1. We want to study whether and how a stronger presence of students affects rental rates.
Use the data in RENTAL for this assignment, which includes rental prices and other
variables for 64 college towns in the US for the years 1980 and 1990. The panel data
model with unobserved effects is:
log(rentit) = β0 + δ0y90t + β1log(popit) + β2log(avgincit) + β3pctstuit + αi + eit (1)
where pop is city population, avginc is average income, and pctstu is student population
as a percentage of city population (during the school semesters). (αi + eit) is the error
term, where αi is the unobserved heterogeneity, and eit represents idiosyncratic errors.
(a) Based on model (1), how do you interpret δ0, and why it should be included?
(b) Estimate model (1) by pooled OLS (POLS), and report the estimation results in
the usual format (that is, the estimated equation with standard errors in brackets
under the corresponding estimates). Are the standard errors valid? Explain briefly.
(c) Apply the first difference (FD) estimator to (1), and report the estimation results
in the usual format. Are the standard errors (without the robust option) valid?
(d) Now apply the fixed effect (FE) estimator to (1), and report the estimation results
in the usual format. How do the estimates and standard errors compare to those
(e) Apply the random effects (RE) estimator to (1), and report the estimation results
in the usual format.
(f) Put the results of all estimators above (POLS, FD, FE, and RE estimators) into
a table, one column for an estimator, with standard errors in brackets under the
corresponding estimates. If αi is a fixed effect, which estimators in the table are
consistent, and which are inconsistent? Explain briefly.
(g) Run the Wu-Hausman’s test to compare the FE to RE estimates. Remember to
state the null hypothesis and the alternative, the test statistics and its distribution
under the null, decision rule and conclusion. What can we learn from the test?
(h) Given the results by the POLS, FD, FE, RE estimators, and the test result in (g),
which estimator will you prefer? Provide brief arguments for your choice.

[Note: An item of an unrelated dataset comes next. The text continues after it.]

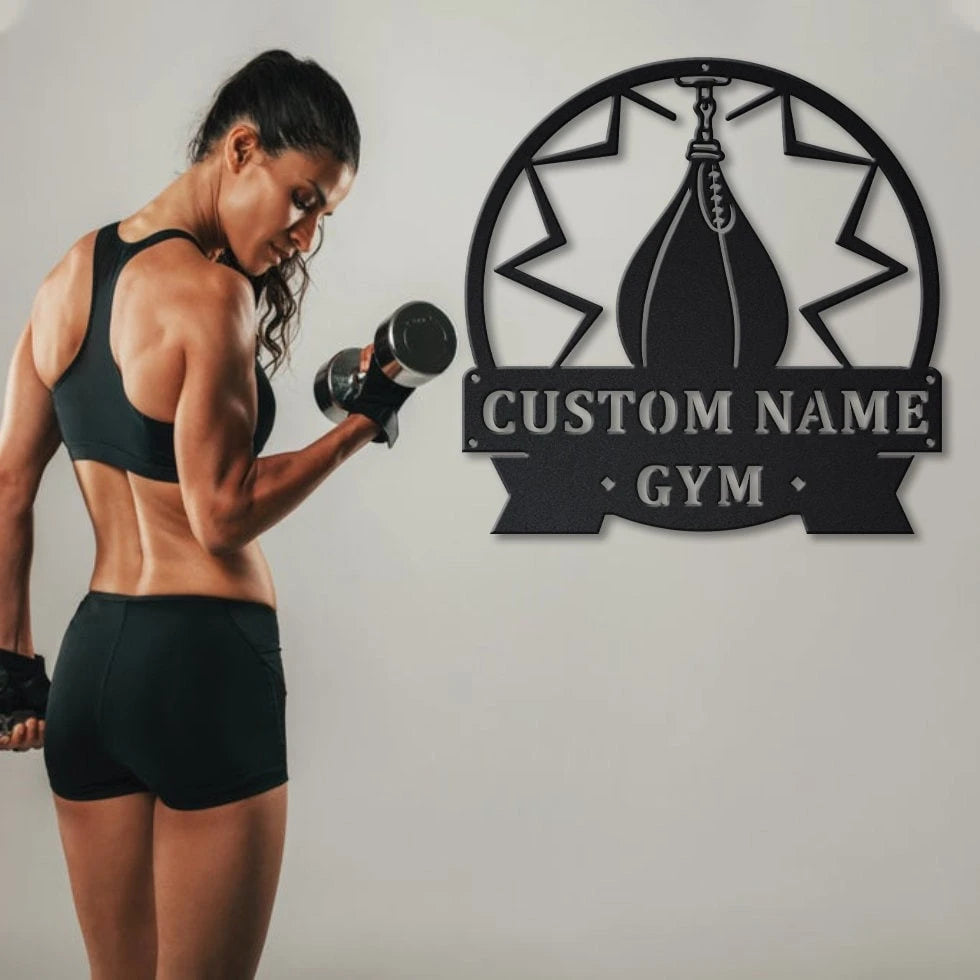 Personalized Gym Speed Bag Monogram Metal Sign Art, Custom Gym Speed Bag Metal Sign, Hobbie Gifts, Sport Gift, Birthday Gift, Laser Cut Metal Signs Custom Gift Ideas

(i) Given the estimator you prefer in (h), how does the relative size of the student
population affect rental prices?
(j) We are concerned that the variable, avginc, could be endogenous (as the rental
revenue from students would boost the local average income). If we use the variable
enroll as the instrumental variable (IV) for avginc, what conditions must enroll
satisfy in order to be a valid IV? If a condition can be tested with the data, perform
the test (just run and report the test result).
Note: 10 points for each part, 100 in total.